Assume there are a number of clues in the environment that you could use in a simple way to make some decision. If this decision will give you a better chance to survive than not using those clues, any organism that uses those clues will have an advantage when compared to organisms who don't (as long as processing this information does not consume so much energy that the benefit is smaller than the cost, of course). So, an organism does not need to find the optimum, or, in economic terms, to optimize its utility. It can actually function competently by finding efficient, but not necessarily error-proof, ways to interpret the information captured by its senses. Simon describing this non-optimal behavior as satisficing (Evolution does not requires any species to be the best to survive. Being better than the others would be sufficient, but even being better might not be a good strategy. The real concept is better adapted. Not stronger, or faster, or smarter, sometimes, being weaker can actually mean better adapted. In an environment with scarce resources, being too big and strong might require extra food that is not available. In this case, the weaker organisms, who are able to survive with less, are the best adapted to that environment. This applies to strength, but also to speed, to mental prowess or any other characteristic.).

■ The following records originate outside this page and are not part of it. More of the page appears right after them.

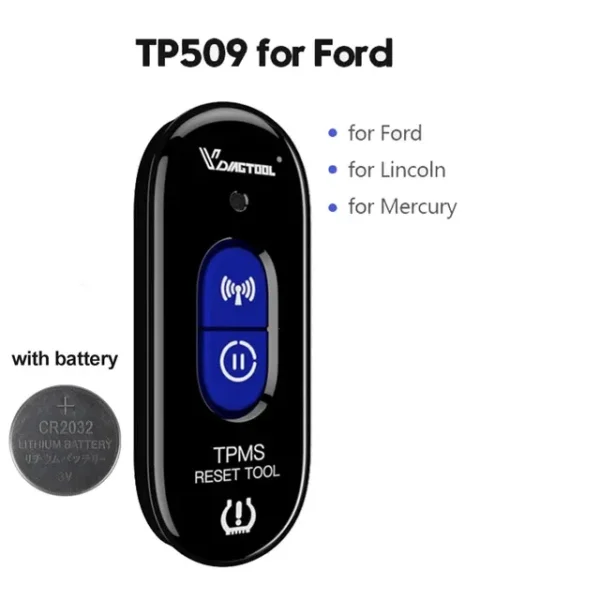 VDIAGTOOL TPMS TP509 For Foed Tire Pressure Activation Tool - Image 4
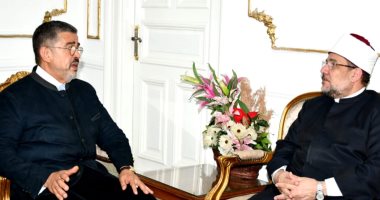 وزير الأوقاف يبحث مع كبير مستشارى الاتحاد البرلمانى الدولى التعاون لنشر رسائل السلام
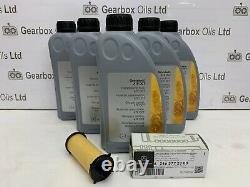 Genuine Mercedes A Class A45 4matic Automatic Gearbox Oil 6l Dct Filter 724 Kit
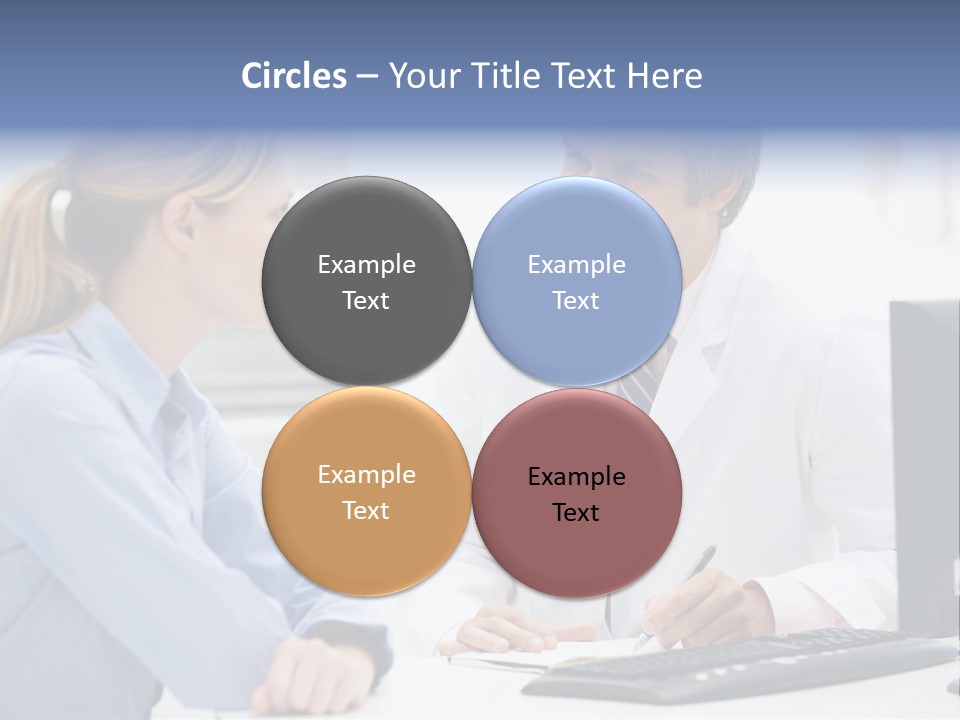 Health Listening  PowerPoint Template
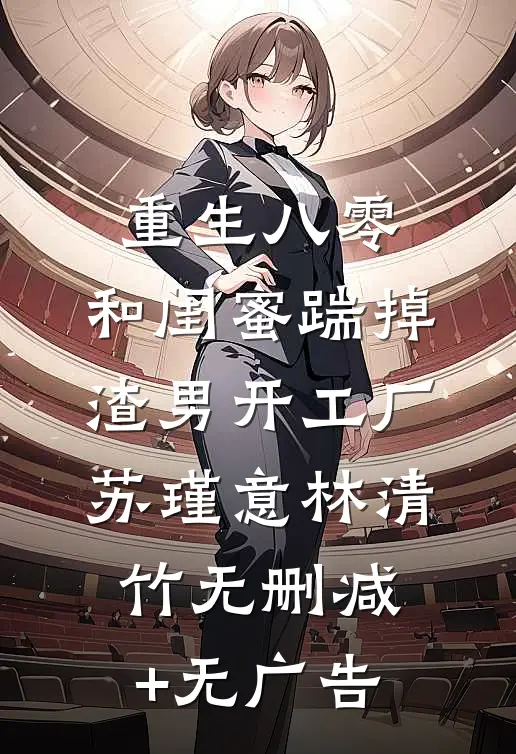 重生八零，和闺蜜踹掉渣男开工厂苏瑾意林清竹无删减+无广告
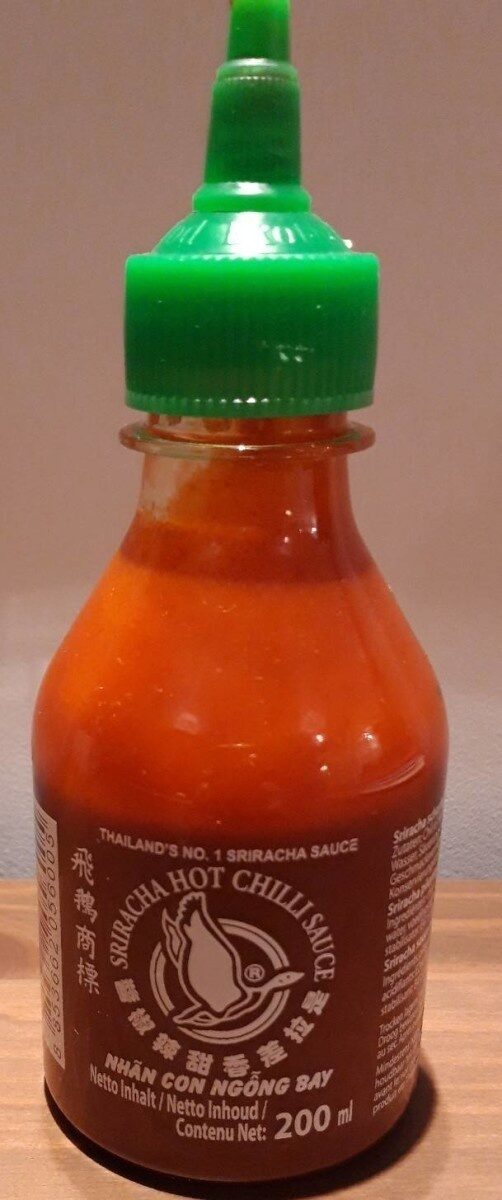 Chilli sauce sriracha - Product - fr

That is, if simple rules of thumb make you more likely to survive, it makes sense to use them. Per example, if you are looking for the cause of a phenomenon, it makes sense to look for things that happen together with it. After all, if it is the cause, you do expect those things to be related. The fact that many variables can be associated with no causal connection means you will often believe that things are related when they are not.


Suppose you are belong to a family of farmers without any of our modern knowledge. You try to plant your seeds and sometimes things go well and the climate seems to be working in your favor. At other times, it gets cold too soon, or there is not enough water for your plants to grow. After a long time observing, your grandfather observed if he planted the seeds whenever a specific bright star appeared low on the sky just when the Sun went down, the climate would be right for the plant to grow. Your parents confirmed it as well as your own experience. So, you conclude that this star commands the success of your farming. While this conclusion is wrong, there is no cause there, the observation of movement of the stars is indeed associated with the calendar and the seasons. And your decision will indeed be better. If you extend the argument to the belief that the same star will influence the chance of your success in war, you will be very wrong. But, without better information, there is no way you can actually determine the better day to go to war. Going when you believe the stars support you is a costless mistake, from an evolutionary point of view, since it does not improve or decreases your chance of success.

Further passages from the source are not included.